Description of the task
Leave the images out and repeat the data exactly as given.

Saved entries:
+++++

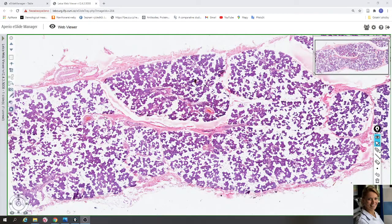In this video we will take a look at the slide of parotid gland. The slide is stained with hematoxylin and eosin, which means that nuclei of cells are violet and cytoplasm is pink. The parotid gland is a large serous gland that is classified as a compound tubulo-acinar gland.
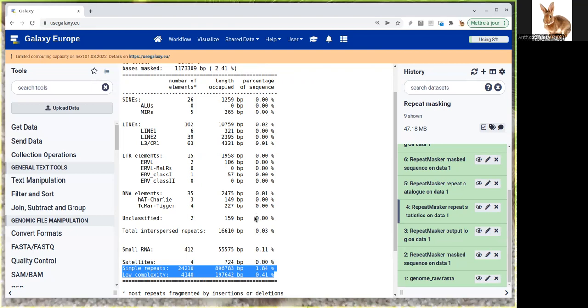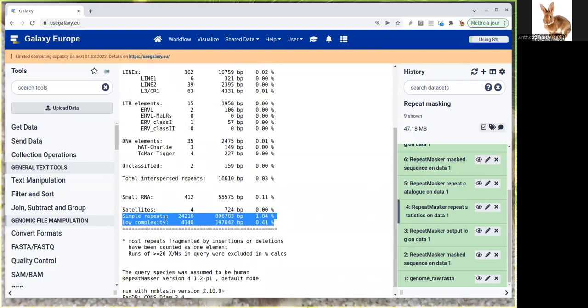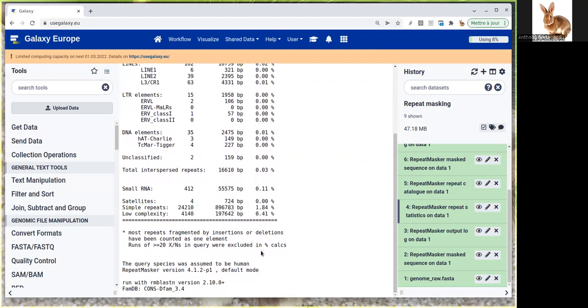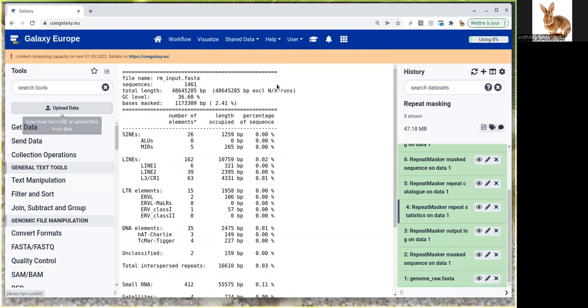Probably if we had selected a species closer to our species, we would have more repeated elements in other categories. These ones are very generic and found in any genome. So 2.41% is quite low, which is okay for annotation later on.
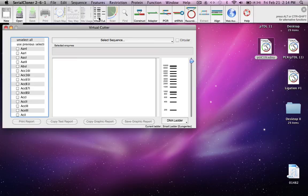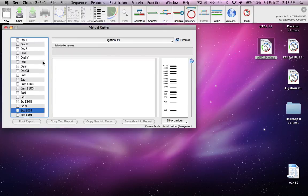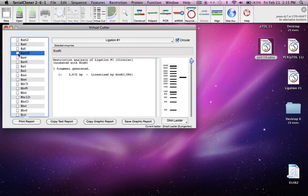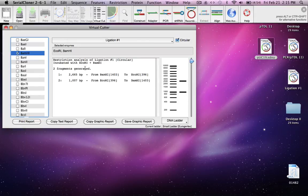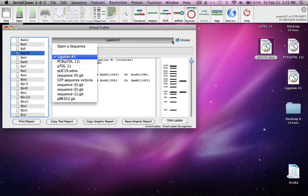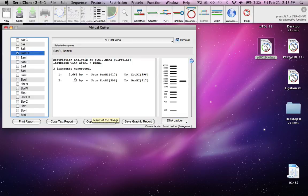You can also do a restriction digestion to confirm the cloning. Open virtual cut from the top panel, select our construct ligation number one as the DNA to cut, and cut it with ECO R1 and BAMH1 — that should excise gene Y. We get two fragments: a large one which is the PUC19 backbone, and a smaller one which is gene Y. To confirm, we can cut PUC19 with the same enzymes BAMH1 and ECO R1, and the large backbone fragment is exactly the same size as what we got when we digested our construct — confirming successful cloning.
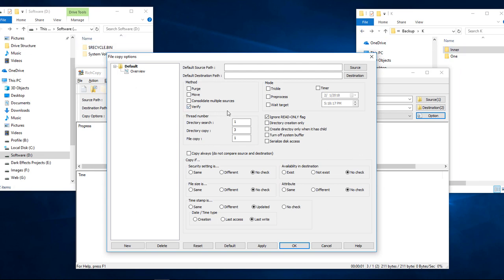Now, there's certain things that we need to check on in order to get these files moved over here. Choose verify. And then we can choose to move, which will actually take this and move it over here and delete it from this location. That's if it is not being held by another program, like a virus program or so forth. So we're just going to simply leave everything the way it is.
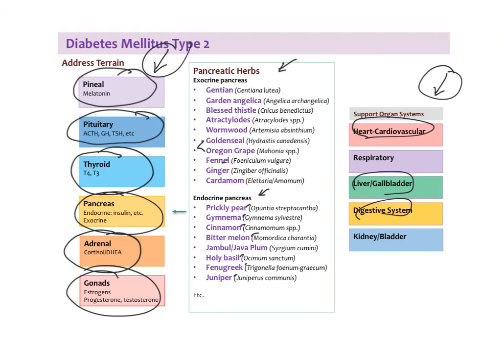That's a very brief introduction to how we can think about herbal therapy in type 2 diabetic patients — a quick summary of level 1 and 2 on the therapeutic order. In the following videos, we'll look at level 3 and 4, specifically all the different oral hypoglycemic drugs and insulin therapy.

+++++

Response
In this video we will take a look at the slide of parotid gland. The slide is stained with hematoxylin and eosin, which means that nuclei of cells are violet and cytoplasm is pink. The parotid gland is a large serous gland that is classified as a compound tubulo-acinar gland.
Probably if we had selected a species closer to our species, we would have more repeated elements in other categories. These ones are very generic and found in any genome. So 2.41% is quite low, which is okay for annotation later on.
You can also do a restriction digestion to confirm the cloning. Open virtual cut from the top panel, select our construct ligation number one as the DNA to cut, and cut it with ECO R1 and BAMH1 — that should excise gene Y. We get two fragments: a large one which is the PUC19 backbone, and a smaller one which is gene Y. To confirm, we can cut PUC19 with the same enzymes BAMH1 and ECO R1, and the large backbone fragment is exactly the same size as what we got when we digested our construct — confirming successful cloning.
Now, there's certain things that we need to check on in order to get these files moved over here. Choose verify. And then we can choose to move, which will actually take this and move it over here and delete it from this location. That's if it is not being held by another program, like a virus program or so forth. So we're just going to simply leave everything the way it is.
That's a very brief introduction to how we can think about herbal therapy in type 2 diabetic patients — a quick summary of level 1 and 2 on the therapeutic order. In the following videos, we'll look at level 3 and 4, specifically all the different oral hypoglycemic drugs and insulin therapy.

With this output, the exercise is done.